Assigned task. A faithful transcription of all the data, images excluded, is the required answer.

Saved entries
---*---

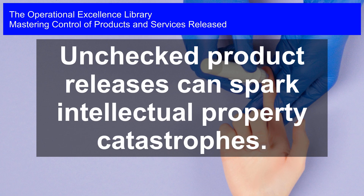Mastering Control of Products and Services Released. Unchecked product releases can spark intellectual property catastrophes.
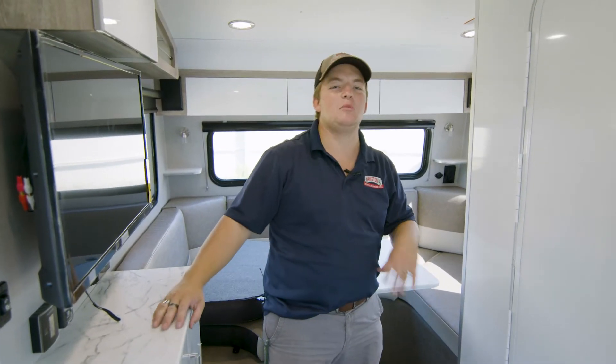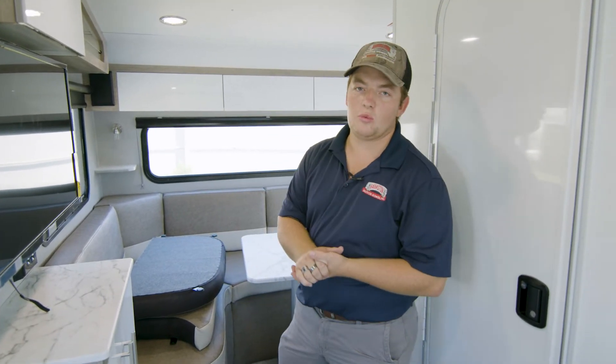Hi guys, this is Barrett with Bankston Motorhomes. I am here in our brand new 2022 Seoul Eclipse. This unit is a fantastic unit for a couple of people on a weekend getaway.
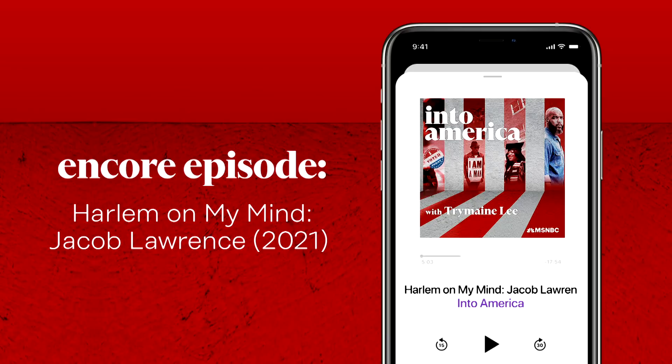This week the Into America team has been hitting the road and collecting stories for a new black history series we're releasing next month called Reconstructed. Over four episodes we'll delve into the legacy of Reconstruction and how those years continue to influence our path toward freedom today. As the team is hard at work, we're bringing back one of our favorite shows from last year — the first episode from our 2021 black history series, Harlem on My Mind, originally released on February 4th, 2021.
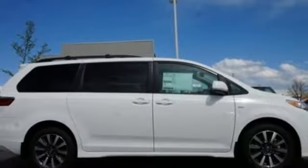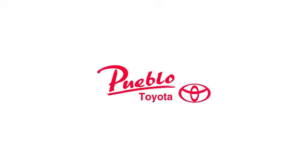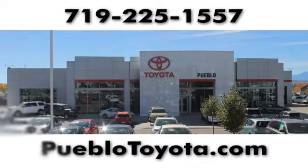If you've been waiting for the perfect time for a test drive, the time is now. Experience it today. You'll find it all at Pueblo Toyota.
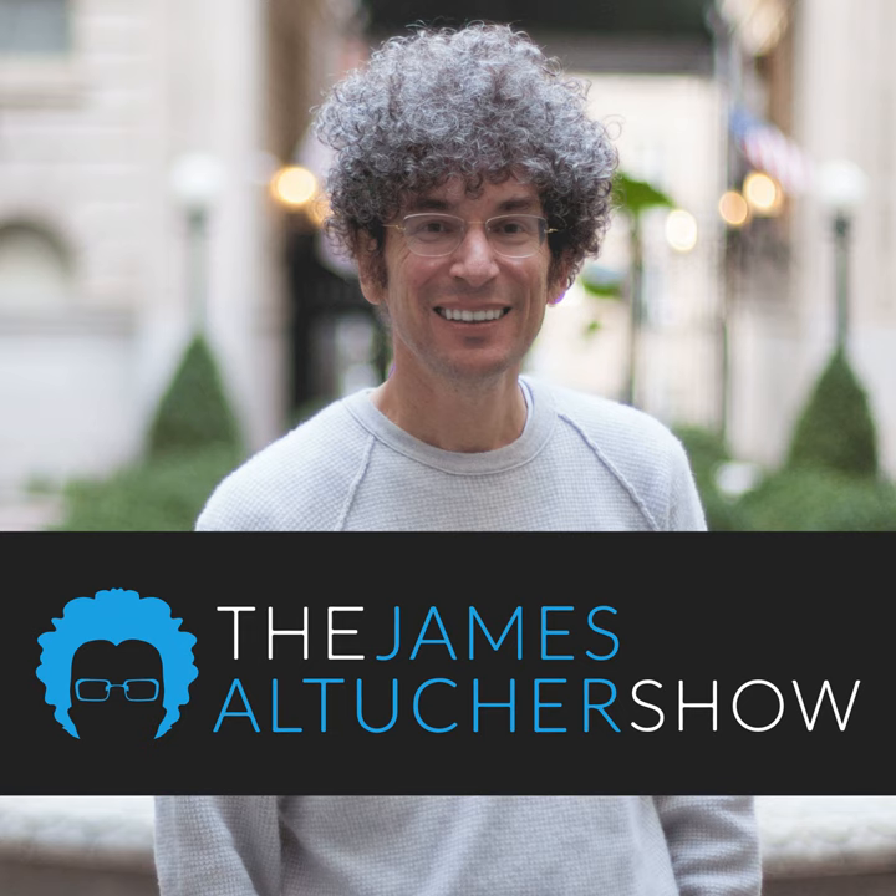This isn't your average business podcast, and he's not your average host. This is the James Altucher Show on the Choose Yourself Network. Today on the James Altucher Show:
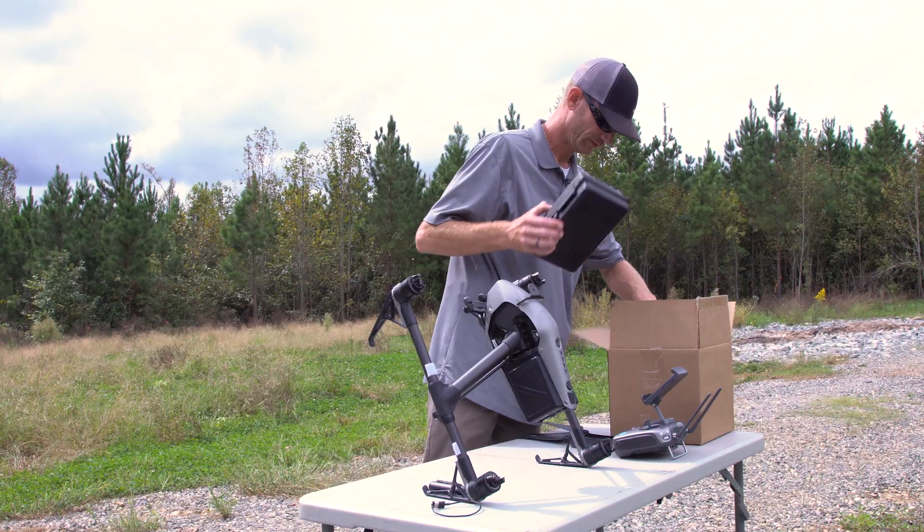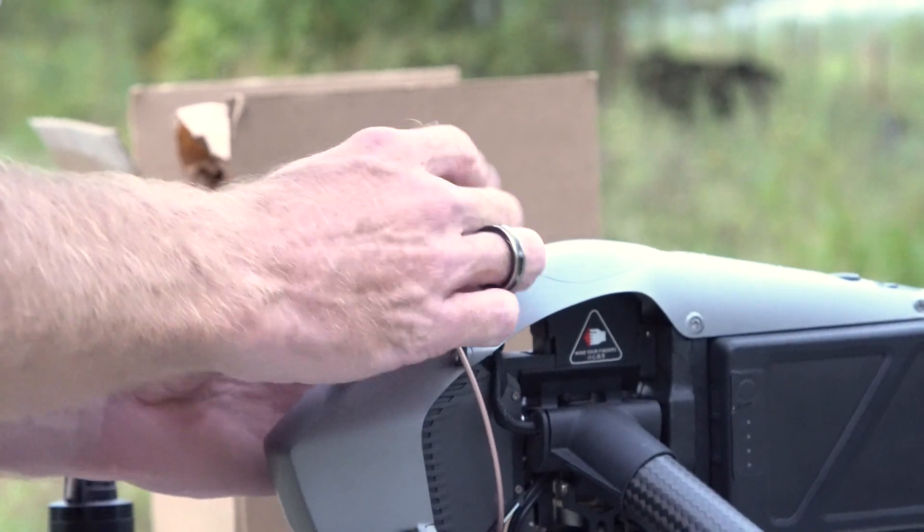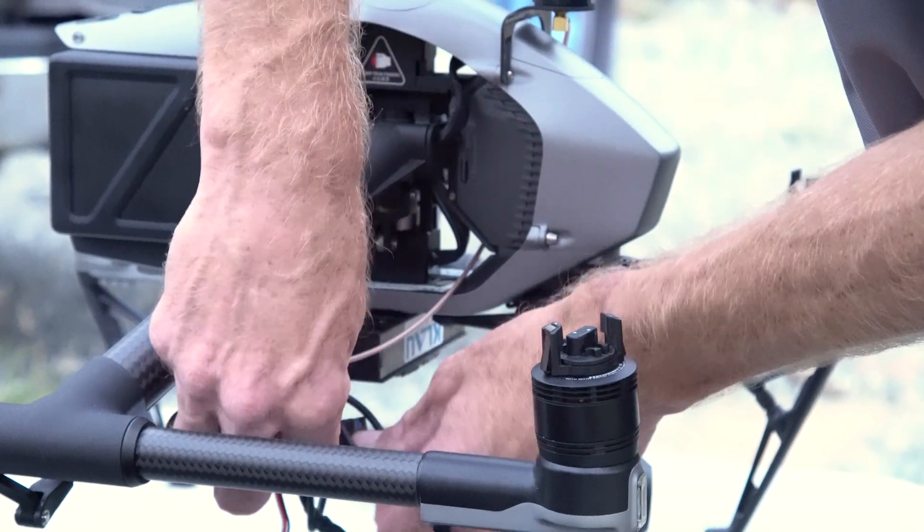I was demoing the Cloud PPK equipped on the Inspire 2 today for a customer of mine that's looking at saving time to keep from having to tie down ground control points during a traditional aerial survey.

---*---

Solution to this task.
Mastering Control of Products and Services Released. Unchecked product releases can spark intellectual property catastrophes.
Hi guys, this is Barrett with Bankston Motorhomes. I am here in our brand new 2022 Seoul Eclipse. This unit is a fantastic unit for a couple of people on a weekend getaway.
This week the Into America team has been hitting the road and collecting stories for a new black history series we're releasing next month called Reconstructed. Over four episodes we'll delve into the legacy of Reconstruction and how those years continue to influence our path toward freedom today. As the team is hard at work, we're bringing back one of our favorite shows from last year — the first episode from our 2021 black history series, Harlem on My Mind, originally released on February 4th, 2021.
If you've been waiting for the perfect time for a test drive, the time is now. Experience it today. You'll find it all at Pueblo Toyota.
This isn't your average business podcast, and he's not your average host. This is the James Altucher Show on the Choose Yourself Network. Today on the James Altucher Show:
I was demoing the Cloud PPK equipped on the Inspire 2 today for a customer of mine that's looking at saving time to keep from having to tie down ground control points during a traditional aerial survey.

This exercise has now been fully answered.